A Molecular Level Approach To Elucidate the Supramolecular Packing of Light-Harvesting Antenna Systems

The molecular geometry and supramolecular packing of two bichromophoric prototypic light harvesting compounds D1A2 and D2A2, consisting of two naphthylimide energy donors that were attached to the 1,7 bay positions of a perylene monoimide diester energy acceptor, have been determined by a hybrid approach using magic angle spinning NMR spectroscopy and electron nano-crystallography (ENC), followed by modelling. NMR shift constraints, combined with the P $\bar{1}$ space group obtained from ENC, were used to generate a centrosymmetric dimer of truncated perylene fragments. This racemic packing motif is used in a biased molecular replacement approach to generate a partial 3D electrostatic scattering potential map.

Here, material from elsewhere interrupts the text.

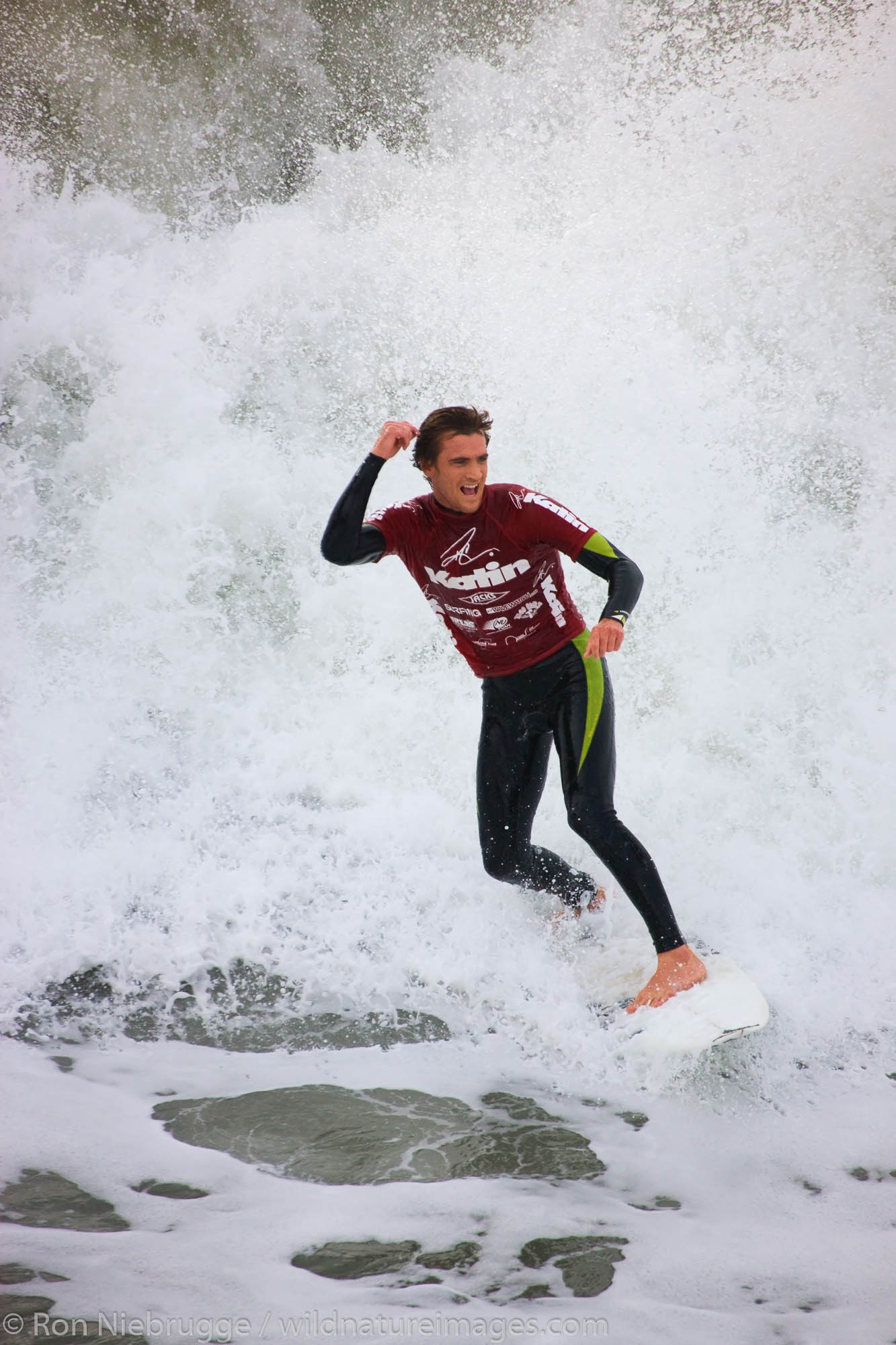 Brett Simpson competing in the Katin Pro/Am surf competition at Huntington Beach Pier, Orange County, California.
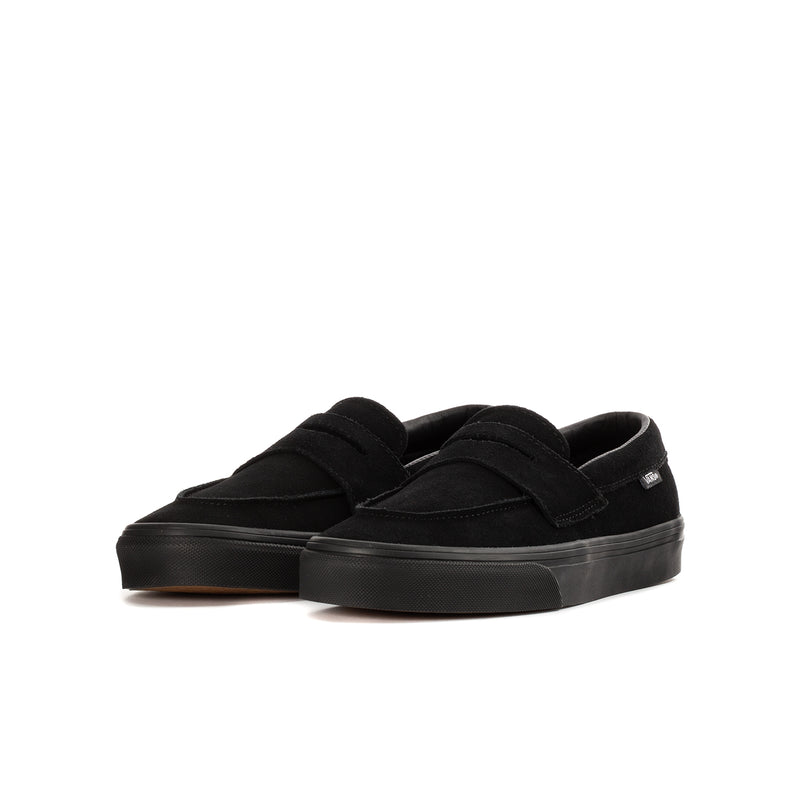 Youth black Vans slip-on loafer, side view, low platform sole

Resolving the structure of the bay substituents is guided by the inversion symmetry, and the distance constraints obtained from heteronuclear correlation spectra. The antenna molecules form a pseudocrystalline lattice of antiparallel centrosymmetric dimers with pockets of partially disordered bay substituents. The two molecules in a unit cell form a butterfly-type arrangement. The hybrid methodology that has been developed is robust and widely applicable for critical structural underpinning of self-assembling structures of large organic molecules.